Who: Thean Pheh
Age: 65
Experience: He grew up in Malaysia and worked for the country’s department of agriculture for 15 years. He moved to Edmonton in 1982 and became a fruit and vegetable technologist with Alberta Agriculture from 2002 until his retirement in 2007. Over the last 27 years, he has grafted 14 varieties of apples onto a single tree in his backyard. The fruit is larger and juicer than one would expect from our short growing season. Now he and his wife, Gaik Thuan Ooi, grow local Edens filled with blueberries, gooseberries, garlic, pears, squash, melons, ginseng and countless others at their Beverly home and at a farm near Mundare. That’s difficult, to say the least, in our central Alberta climate. The Phehs sell their produce and Thean’s gardening books at the City Market Downtown on 104th.

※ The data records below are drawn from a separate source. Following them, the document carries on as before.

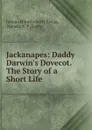 Jackanapes: Daddy Darwin.s Dovecot. The Story of a Short Life - Juliana Horatia Gatty Ewing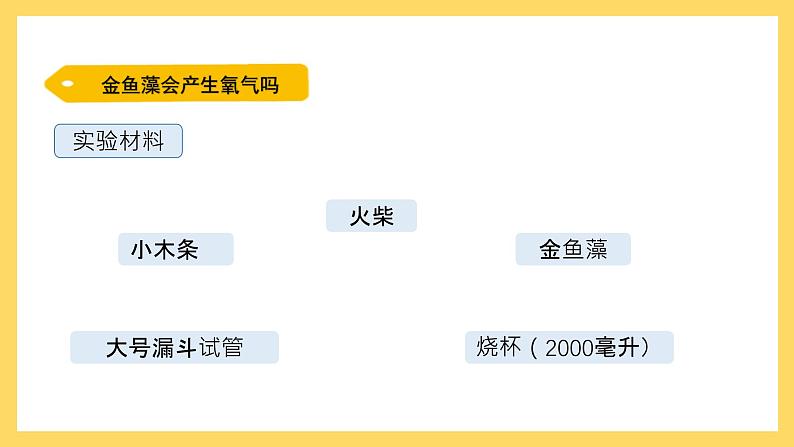 1.7 植物能够利用阳光（课件）-2024-2025学年五年级上册科学粤教粤科版第4页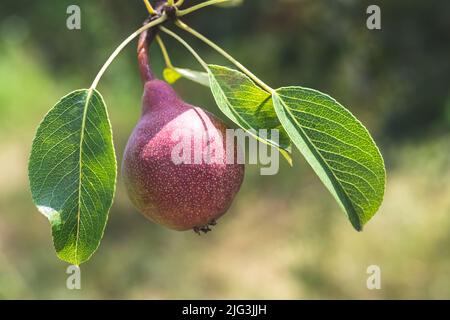 Pera rossa matura su ramo d'albero. Pere biologiche in ambiente naturale. Raccolto di frutta nel giardino estivo in una giornata di sole Foto Stock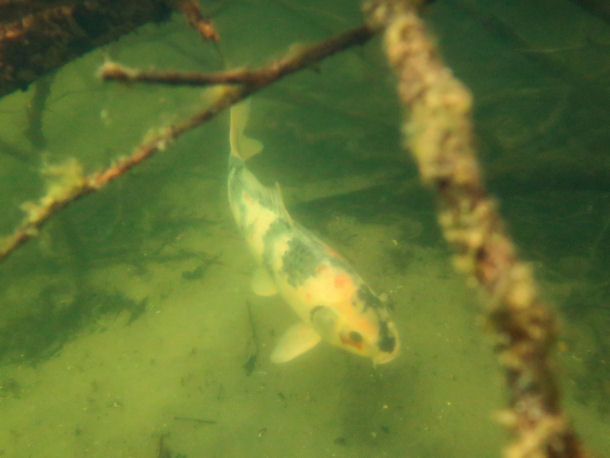 Koi im Heidesee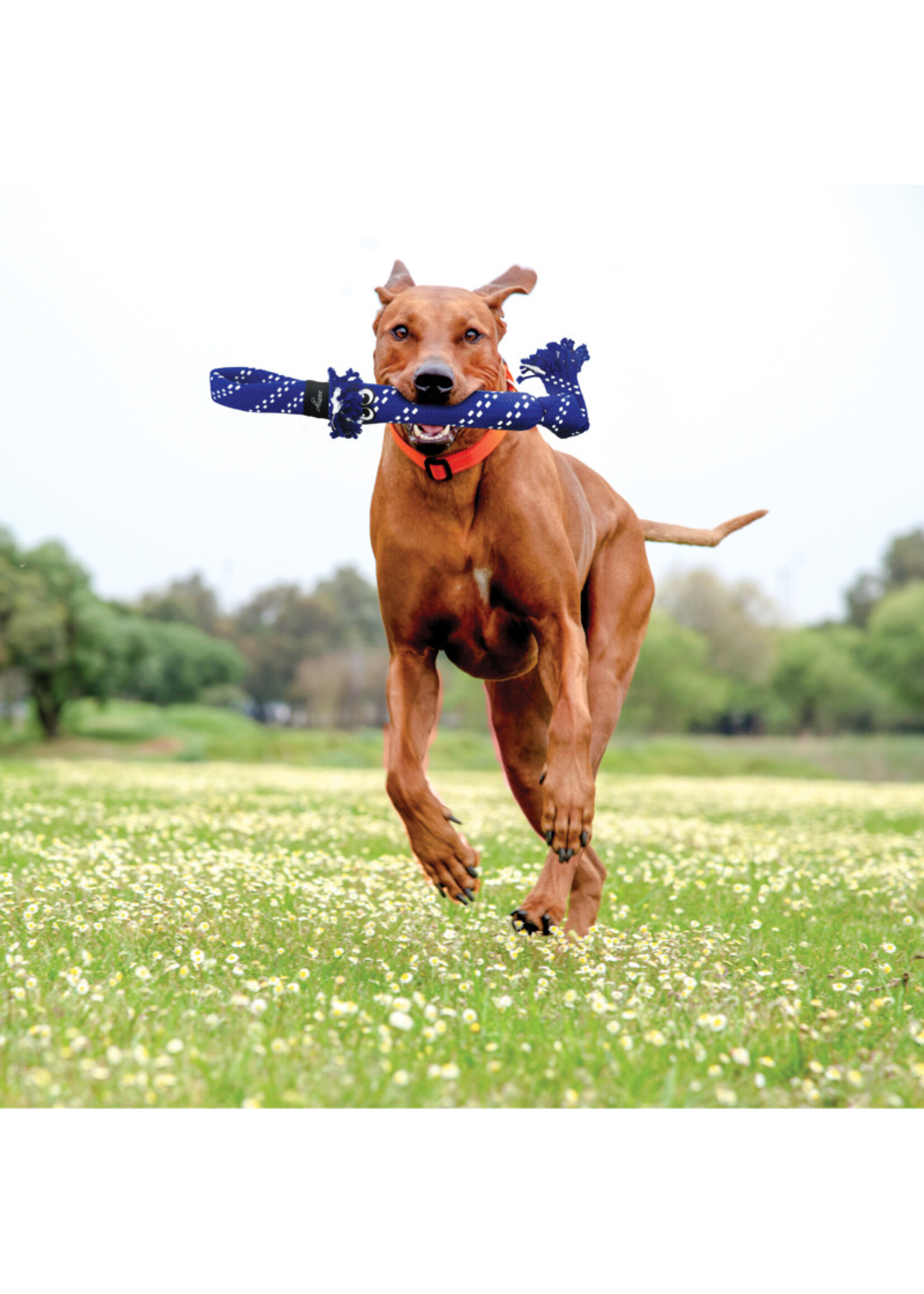 SCRUBZ JOUET POUR CHIEN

– “I practise zero tillage. I will not till my vegetable beds, and I’ve lived on this property for 27 years. The first few years, you get lots of weeds. But after that, you won’t. We live in the black soil zone of central Alberta where soil has a very granular structure, which is one of the best soils you can find. When you till it, you destroy the structure, doing more harm than good.”

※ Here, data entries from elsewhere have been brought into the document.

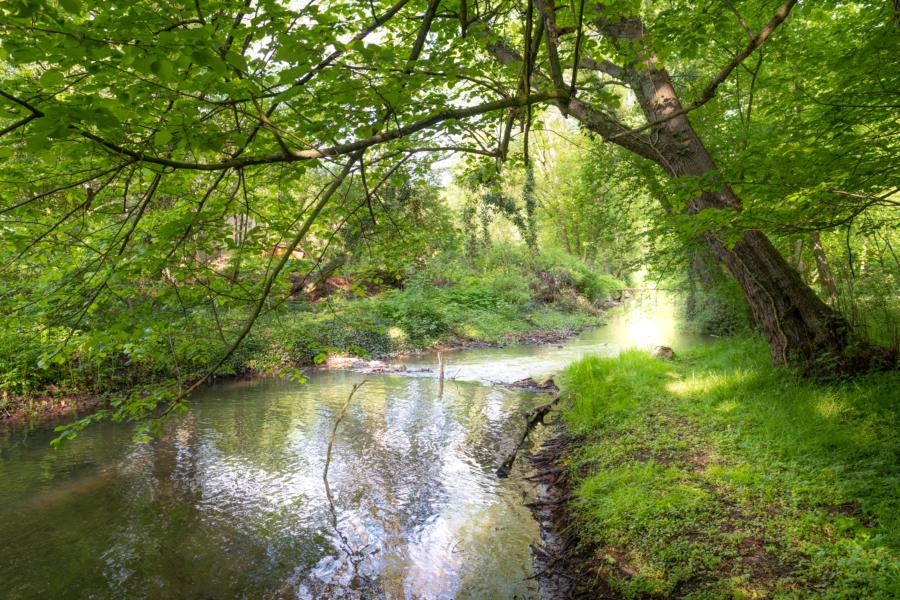 Die Sepenitz am gleichnamigen Ort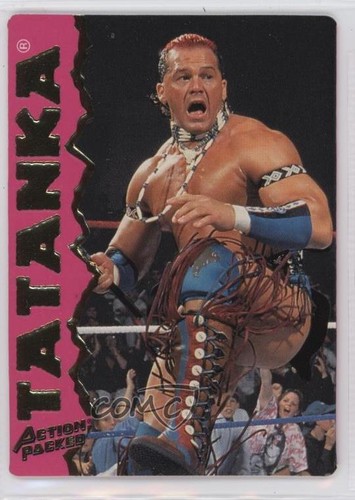 1995 Action Packed WWF Tatanka #15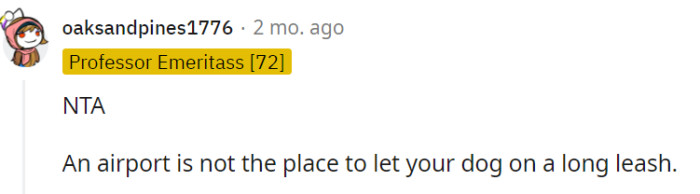 Airports are crowded and busy, making it unsuitable for dogs to roam on long leashes without proper control.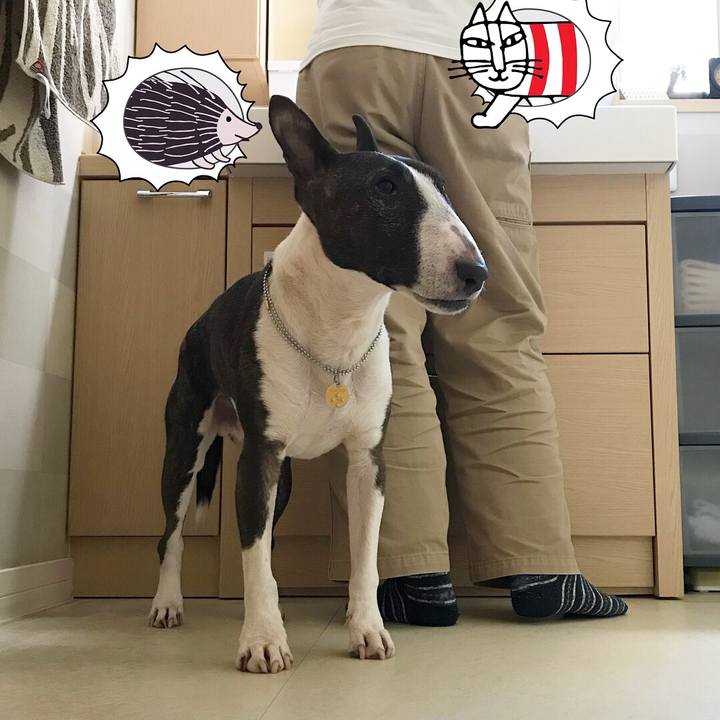 D1fc2ac9 640d 47ab af6e c522f018b14d 1512892700101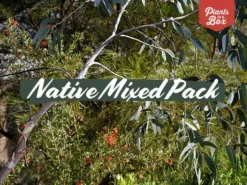 Shrubs Native Mixed Pack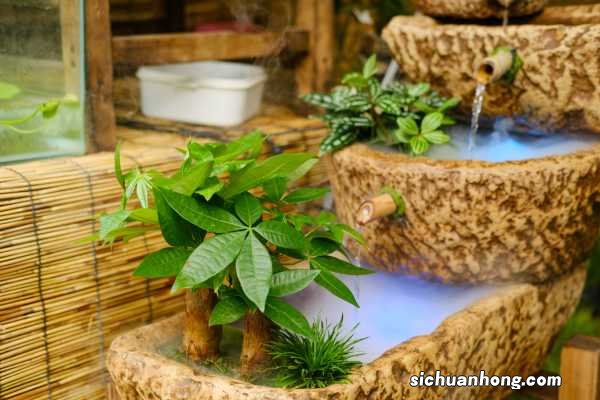 发财树的风水摆放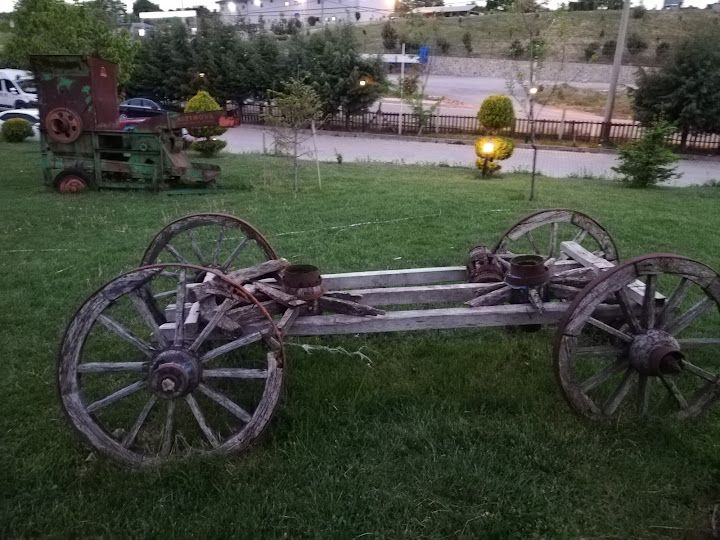 Fotoğraf 7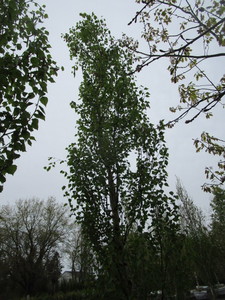 lot 12 image: Parkland Pillar Birch, B&B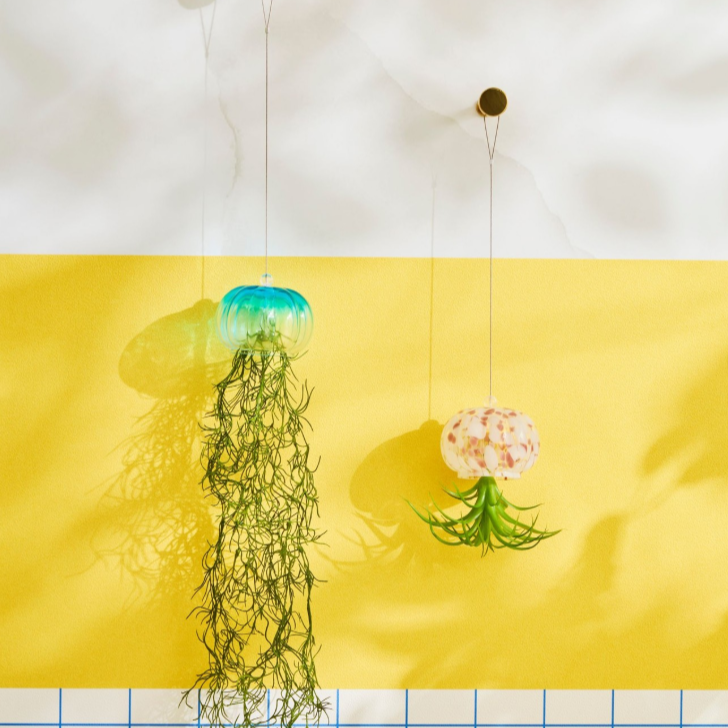 【NEW!】クラゲモチーフのアートグリーン🪼🩵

– “You can graft anything of the same family. It’s hard to grow melons, because the soil and air temperature is cool. You can circumvent the problem by using plastic panels over the plant. But if I could find a cold-tolerant root stalk, I could try to graft my melon onto it and grow without the plastic panels. I had a fig-leafed squash in mind for the root stalk because it may be tolerant to our cold.”
– “Many people are trying companion planting as a natural way of controlling insects. So, one plant will produce a chemical that will prevent insects from attacking the other plant. For example, marigolds dispel nematodes [roundworms] . I also leave aside certain areas so that beneficial insects such as ladybugs, bumblebees and hoverflies have some place to be.”